Miloš Zeman,  photo: Filip Jandourek
Czechs appear to be heading for the polls, despite the fact that just over a month ago there was scant support in the lower house for early elections. The catalyst is not so much the graft and spying scandal that brought down the Nečas centre-right government but the country’s newly elected president, Miloš Zeman, who raised the hackles of parties left and right of centre by ignoring established customs and appointing a caretaker government of his own choice. His relentless grip on the reins of power has moreover played havoc with the country’s political landscape. While in the last election campaign political parties addressed the issue of direct presidential elections –now they are preparing to address the issue of curbing the powers of the president.

TOP 09 has emerged from the political crisis as the strongest force right-of-centre and has benefitted not just from the fall from grace of the centre-right Civic Democrats but also from the president’s political machinations. The party is now presenting itself as the only force on the Czech political scene which can stand up in defence of the country’s parliamentary democracy. It claims that the president has taken over the main opposition party, the Social Democrats, and wants to use it to increase his already considerable influence on the Czech political scene.
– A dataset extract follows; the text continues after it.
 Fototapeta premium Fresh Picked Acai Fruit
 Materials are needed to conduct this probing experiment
Bohuslav Sobotka,  Michal Hašek,  photo: CTK
The opposition Social Democrats, who have been heading election polls for months, will be hard put to deny these claims since last week’s confidence vote in the caretaker cabinet sidelined party leader Bohuslav Sobotka and bolstered the position of deputy chair Michal Hašek, a close ally of the president’s. Although the Social Democrats have stated their intention to draft a bill curbing the powers of the president, there is no saying what the election outcome may do to that promise.
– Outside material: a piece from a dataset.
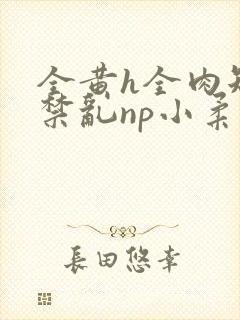 全黄h全肉短篇禁乱np小柔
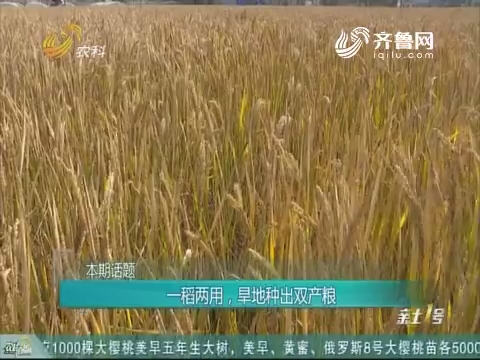 20181125《农科直播间》：一稻两用，旱地种出双产粮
The centre-right Civic Democrats, who are badly crippled by the corruption and spying scandal that brought down the centre-right government and whose lack of unity in last week’s confidence vote prevented the centre-right parties from demanding a second attempt at forming a government are desperately trying to recover lost ground. Several party members last week went so far as to ask their former leader ex-president Vaclav Klaus for help, which was curtly refused. The party is now poised to approve deputy chair Miroslava Němcova the Civic Democrat’s election leader. Although she too is likely to play the anti-Zeman card in combination with the party’s traditional values, the Civic Democrats are clearly no longer a heavyweight right-of-centre.

Photo: Kristýna Maková
And finally, there is the Communist Party, the only other parliamentary party –possibly with the exception of the Zemanites – that is likely to cross the five percent margin needed to win seats in the Chamber of Deputies. The Communists have taken a reserved stand to the president and are biding their time to see who their potential partners on the left may be. While the Social Democrats have consistently refused to cooperate with them on a national scale, it is not clear where the Social Democrats now stand and how much power the president’s allies wield within.

What is interesting to note is the fact that despite the scandals of the past few months over 70 percent of Czech voters say they will go to the polls. And although the election campaign has barely started many profess to know who they are going to support.